* [Raw data]
_ _ _ _ _ _ _

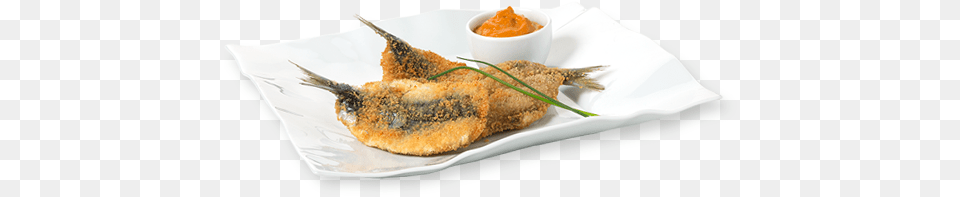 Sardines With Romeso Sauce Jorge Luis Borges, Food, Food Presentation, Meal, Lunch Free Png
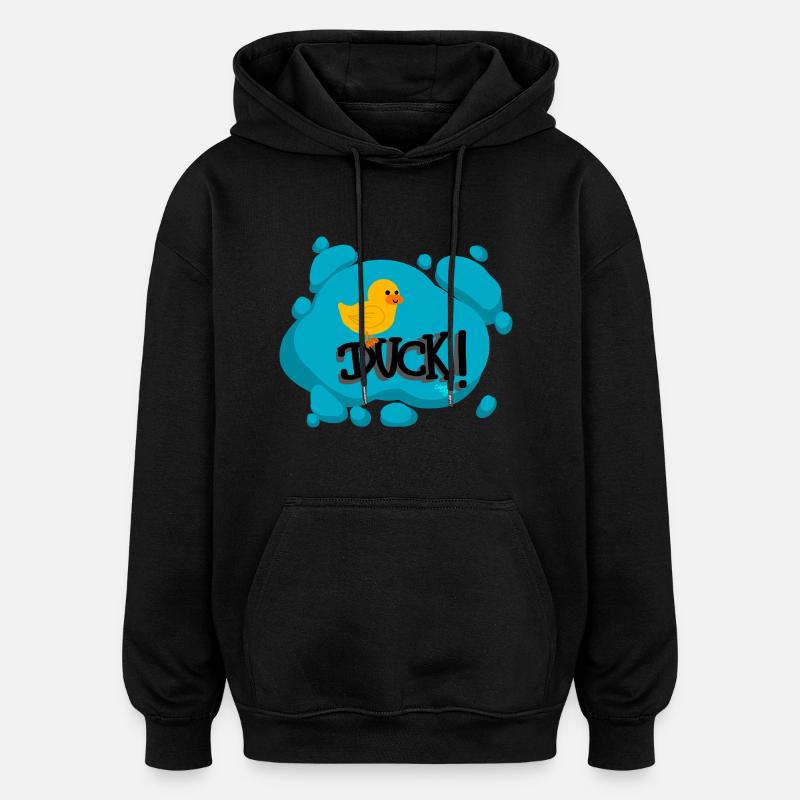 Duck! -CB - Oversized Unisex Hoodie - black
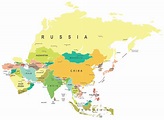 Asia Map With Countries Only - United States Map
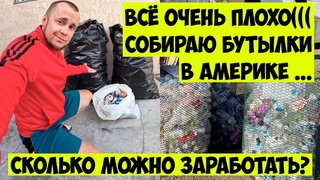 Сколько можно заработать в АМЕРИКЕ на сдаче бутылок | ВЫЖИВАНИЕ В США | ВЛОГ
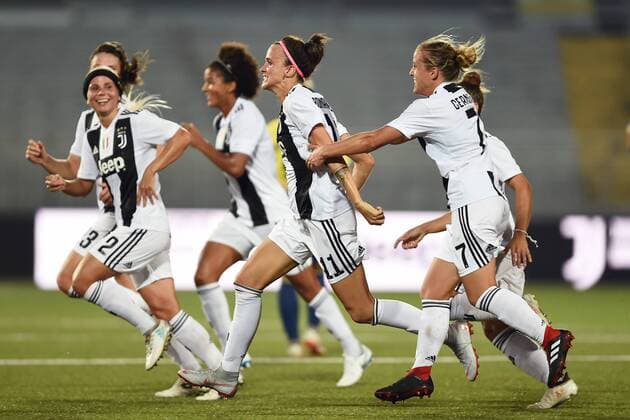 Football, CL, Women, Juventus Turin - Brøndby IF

_ _ _ _ _ _ _

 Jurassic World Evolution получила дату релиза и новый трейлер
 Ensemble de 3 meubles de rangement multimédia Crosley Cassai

_ _ _ _ _ _ _

* [Task details] From the records above, extract the lines from the one holding "Duck! -CB - Oversized Unisex Hoodie - black" through the one holding "Football, CL, Women, Juventus", word for word; omit the pictures.

* [Response to this exercise]
 Duck! -CB - Oversized Unisex Hoodie - black
 Asia Map With Countries Only - United States Map
 Сколько можно заработать в АМЕРИКЕ на сдаче бутылок | ВЫЖИВАНИЕ В США | ВЛОГ
 Football, CL, Women, Juventus Turin - Brøndby IF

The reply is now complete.